As you said, its not as necessary without B-frames.

Manao
28th November 2008, 09:01
Even if there were no bframe decision, you would still need to have more threads than CPU in order to get the best speed. Encoding a frame doesn't take a constant time. So if you have two frames, if the second one references the first, and if the second one encodes faster than the first one, then it must wait for the first one to complete. If you have as many threads as CPUs, and if some threads are waiting, then some CPU are idling, so you aren't using all your processing power. Hence, you need more threads than CPUs in order to use all the CPU cycles.

roozhou
28th November 2008, 09:41
Even if there were no bframe decision, you would still need to have more threads than CPU in order to get the best speed. Encoding a frame doesn't take a constant time. So if you have two frames, if the second one references the first, and if the second one encodes faster than the first one, then it must wait for the first one to complete. If you have as many threads as CPUs, and if some threads are waiting, then some CPU are idling, so you aren't using all your processing power. Hence, you need more threads than CPUs in order to use all the CPU cycles.

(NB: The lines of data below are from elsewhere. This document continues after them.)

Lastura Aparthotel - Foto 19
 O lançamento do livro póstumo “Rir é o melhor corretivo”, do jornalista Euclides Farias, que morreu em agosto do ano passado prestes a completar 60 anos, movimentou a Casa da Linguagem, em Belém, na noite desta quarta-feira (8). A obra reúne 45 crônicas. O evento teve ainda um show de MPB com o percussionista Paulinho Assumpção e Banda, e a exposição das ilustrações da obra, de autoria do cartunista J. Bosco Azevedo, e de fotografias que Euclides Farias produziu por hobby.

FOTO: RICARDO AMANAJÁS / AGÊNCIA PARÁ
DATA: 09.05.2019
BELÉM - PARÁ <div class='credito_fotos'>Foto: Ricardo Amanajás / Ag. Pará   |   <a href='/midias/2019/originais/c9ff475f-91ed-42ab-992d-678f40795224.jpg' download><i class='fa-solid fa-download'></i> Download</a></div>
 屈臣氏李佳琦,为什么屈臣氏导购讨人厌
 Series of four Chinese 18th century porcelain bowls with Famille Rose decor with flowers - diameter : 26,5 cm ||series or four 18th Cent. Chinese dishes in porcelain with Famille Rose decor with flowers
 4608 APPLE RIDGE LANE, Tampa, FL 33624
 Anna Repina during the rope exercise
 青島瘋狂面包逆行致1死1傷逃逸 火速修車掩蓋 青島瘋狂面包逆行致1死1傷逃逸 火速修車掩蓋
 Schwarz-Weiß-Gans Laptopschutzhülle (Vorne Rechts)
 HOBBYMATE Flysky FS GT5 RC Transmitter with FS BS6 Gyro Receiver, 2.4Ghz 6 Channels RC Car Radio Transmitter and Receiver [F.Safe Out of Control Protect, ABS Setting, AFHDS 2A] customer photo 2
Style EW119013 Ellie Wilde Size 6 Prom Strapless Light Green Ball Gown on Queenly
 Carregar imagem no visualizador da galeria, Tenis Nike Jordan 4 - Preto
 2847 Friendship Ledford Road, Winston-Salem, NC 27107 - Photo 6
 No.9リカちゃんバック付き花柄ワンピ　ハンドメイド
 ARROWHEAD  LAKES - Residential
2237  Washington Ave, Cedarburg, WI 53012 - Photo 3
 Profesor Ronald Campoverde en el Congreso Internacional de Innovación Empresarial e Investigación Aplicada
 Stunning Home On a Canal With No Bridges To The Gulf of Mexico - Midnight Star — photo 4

We should give the input thread a lower priority, keeping the input buffer as empty as possible. When the second thread needs to wait on first, the input thread gets a chance to fill the input frame buffer.

If other threads require the result of the frame type decision, these threads will need to wait for the one thread that is currently running the frame type decision.

Wrong again, LoRd_MuldeR! I am talking on frame type decision waiting on result of other threads.

Dark Shikari
28th November 2008, 10:37
Wrong again, LoRd_MuldeR! I am talking on frame type decision waiting on result of other threads.That can't happen, because the frametype decision runs before all threads. How can what is run first become dependent on the results of other threads?

Manao
28th November 2008, 20:08
We should give the input thread a lower priority, keeping the input buffer as empty as possible. When the second thread needs to wait on first, the input thread gets a chance to fill the input frame buffer.Ok, you have found a use for the input thread, provided that you have only 1 thread waiting, and that it has to wait less time than it takes for the input thread to due its computation. These two conditions hardly happens, thus the need to use more threads than CPU.

roozhou
29th November 2008, 14:19
That can't happen, because the frametype decision runs before all threads. How can what is run first become dependent on the results of other threads?

Sounds good! So moving frametype decision to input-thread would be possible.


Ok, you have found a use for the input thread, provided that you have only 1 thread waiting, and that it has to wait less time than it takes for the input thread to due its computation. These two conditions hardly happens, thus the need to use more threads than CPU.

That's right. So a larger input buffer should help.

LoRd_MuldeR
29th November 2008, 14:54
That can't happen, because the frametype decision runs before all threads. How can what is run first become dependent on the results of other threads?
Sounds good! So moving frametype decision to input-thread would be possible.

No, it's the explanation why it would be useless to move frametype decision :rolleyes:

roozhou
29th November 2008, 15:21
No, it's the explanation why it would be useless to move frametype decision :rolleyes:
I am thinking about the following sequence. Tell me what is wrong.

D -- decoding (input)
F -- frametype decision
E -- encoding (all other threads)


D1F1 D2F2 D3F3 D4F4
---- E1-- E2-- E3-- E4--

LoRd_MuldeR
29th November 2008, 15:27
I am thinking about the following sequence. Tell me what is wrong.

D -- decoding (input)
F -- frametype decision
E -- encoding (all other threads)


D1F1 D2F2 D3F3 D4F4
---- E1-- E2-- E3-- E4--

I think that is basically how it is implemented currently.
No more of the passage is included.